Firstly I will provide 4 formulas directly.

$$\begin{align} l &= &- u_0 \cdot near / f_x \nonumber \\ r &=& (W - u_0) \cdot near / f_x \nonumber \\ b &=& - (H - v_0) \cdot near / f_y \nonumber \\ t &=& v_0 \cdot near / f_y \end{align} ..........................(1)$$

$$\begin{align} l &= &- u_0 \cdot near / f_x \nonumber \\ r &=& (W - u_0) \cdot near / f_x \nonumber \\ b &=& (H - v_0) \cdot near / f_y \nonumber \\ t &=& - v_0 \cdot near / f_y \end{align}.............................(2)$$

You can see changes of $b$ and $t$ on (1) and (2).

$$\begin{equation} \begin{pmatrix} \frac{2 \cdot near}{r - l} & 0 & \frac{r+l}{r-l} & 0 \\ 0 & \frac{2 \cdot near}{t - b} & \frac{t+b}{t-b} & 0 \\ 0 & 0 & \frac{far + near}{near - far} & \frac{2 \cdot near \cdot far}{near - far} \\ 0 & 0 & -1 & 0 \end{pmatrix} \end{equation}..................(3)$$

$$\begin{equation} \begin{pmatrix} \frac{2 \cdot near}{r - l} & 0 & -\frac{r+l}{r-l} & 0 \\ 0 & \frac{2 \cdot near}{t - b} & -\frac{t+b}{t-b} & 0 \\ 0 & 0 & -\frac{far + near}{near - far} & \frac{2 \cdot near \cdot far}{near - far} \\ 0 & 0 & 1 & 0 \end{pmatrix} \end{equation}..................(4)$$

The only difference between formulation (3) and (4) are the signs of the third column.

Figure 1

Figure 1 shows four cases of camera coordinate system, which are right-hand (z negative), right-hand (z positive), left-hand (z positive) and left-hand (z negative).

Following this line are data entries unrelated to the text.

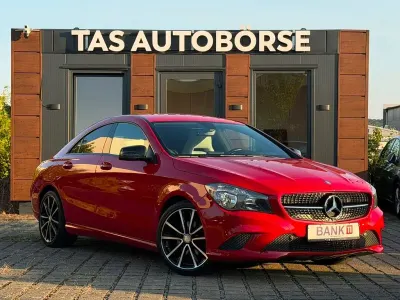 Gebraucht Mercedes CLA180 122 PS (89 kW) 2014 Rot Coupé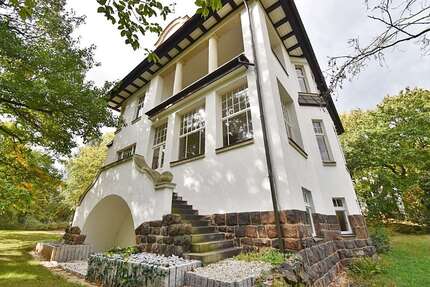 Haus Chemnitz Altendorf - 14 Zimmer, 684 m&sup2;, 4.000&euro; | Angebot:12923105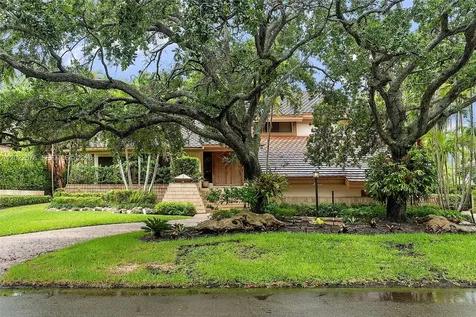 7244 E Lago Drive Coral Gables FL 33143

  1. For right-hand (z negative), the camera intrinsic matrix K is as following and it's projection matrix P is combined by formulation (1) and (3)(OpenGL default):

$$\begin{pmatrix} -f_x & 0 & u_0 \\ 0 & f_y & v_0 \\ 0 & 0 & 1 \end{pmatrix}$$

  1. For right-hand (z positive), the camera intrinsic matrix K is as following and it's projection matrix P is combined by formulation (2) and (4)(SFM/SLAM default):

$$\begin{pmatrix} f_x & 0 & u_0 \\ 0 & f_y & v_0 \\ 0 & 0 & 1 \end{pmatrix}$$

  1. For left-hand (z positive), the camera intrinsic matrix K is as following and it's projection matrix P is combined by formulation (1) and (4):

$$\begin{pmatrix} f_x & 0 & u_0 \\ 0 & -f_y & v_0 \\ 0 & 0 & 1 \end{pmatrix}$$

  1. For left-hand (z negative), the camera intrinsic matrix K is as following and it's projection matrix P is combined by formulation (2) and (3):

$$\begin{pmatrix} -f_x & 0 & u_0 \\ 0 & -f_y & v_0 \\ 0 & 0 & 1 \end{pmatrix}$$

Details of doc

Please look at doc if you are interested in the formulations above and want to know where they come from.

Details of usage

z_negative.html

Take z_negative.html as an example, we create a point P at (10, 15, 20) in world coordinate system and assign white color to line OP. As we can see in the code, we also setup K and R/t:

$$K = \begin{pmatrix} -f_x & 0 & u_0 \\\ 0 & f_y & v_0 \\\ 0 & 0 & 1 \end{pmatrix} = \begin{pmatrix} -565.5 & 0 & 328.2 \\\ 0 & 516.3 & 238.8 \\\ 0 & 0 & 1 \end{pmatrix}$$ $$R = \begin{pmatrix} -0.7071 & 0.7071 & 0 \\\ -0.4083 & -0.4083 & 0.8165 \\\ 0.5774 & 0.5774 & 0.5774 \end{pmatrix}, \quad t = \begin{pmatrix} 0 \\ 0 \\ -86.603 \end{pmatrix}$$

Then we calculate the image coordinate of P:

$$\begin{pmatrix} u \\ v \\ 1 \end{pmatrix} = K \cdot \left( R \cdot \begin{pmatrix} x \\ y \\ z \end{pmatrix} + t \right) / z_c = \begin{pmatrix} 361.18 \\ 186.65 \\ 1 \end{pmatrix}$$

Then double click z_negative.html, press F12 to open console, move your mouse to the white line segment, you will see the mouse position is (361, 187) which is very close to the calculation (361.18, 186.65).

z_positive.html

You can do the same thing for z_positive.html.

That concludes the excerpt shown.